Set — HashSet, LinkedHashSet, and TreeSet

Set<E> is a Collection that enforces uniqueness — it never contains duplicate elements. The three standard implementations differ in how they define "order": HashSet gives you none, LinkedHashSet preserves insertion order, and TreeSet keeps elements in sorted order.

What Problem Does It Solve?

List allows duplicates and you must check manually (if (!list.contains(x)) list.add(x)). As the list grows, that check becomes O(n) and easy to forget. Set enforces uniqueness automatically and efficiently. For example, tracking active user sessions, deduplicating log entries, or finding the unique words in a document are all natural Set use cases.

The `Set` Interface

Set<E> extends Collection<E> but adds no new methods — the uniqueness contract is enforced through the add method behavior: add(e) returns false (and leaves the set unchanged) if the element is already present.

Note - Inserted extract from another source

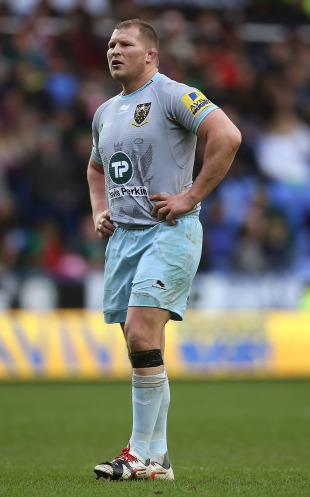 READING, ENGLAND - DECEMBER 26:  Dylan Hartley of Northampton looks on during the Aviva Premiership match between London Irish and Northampton Saints at Madejski Stadium on December 26, 2015 in Reading, England.  (Photo by Ben Hoskins/Getty Images)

Set<String> tags = new HashSet<>();
tags.add("java");
tags.add("spring");
boolean added = tags.add("java");  // false — already present
System.out.println(tags.size());   // 2

The contract: two elements a and b are considered duplicates if a.equals(b) returns true.

The Three Implementations

Interface hierarchy for Set. LinkedHashSet extends HashSet; TreeSet implements NavigableSet.

HashSet

HashSet is backed by a HashMap internally. Each element is stored as a key in the map (with a dummy value). That means add, remove, and contains are all O(1) average — the hash code determines the bucket, and equals confirms the match.

Set<String> set = new HashSet<>();
set.add("banana");
set.add("apple");
set.add("cherry");
// Iteration order is UNPREDICTABLE — do not rely on it
for (String s : set) System.out.println(s); // may print in any order

No ordering guarantee — iteration order depends on hash codes and internal bucket layout.

LinkedHashSet

LinkedHashSet extends HashSet. It maintains a doubly-linked list through all entries in addition to the hash table. This costs a small amount of extra memory but preserves insertion order during iteration.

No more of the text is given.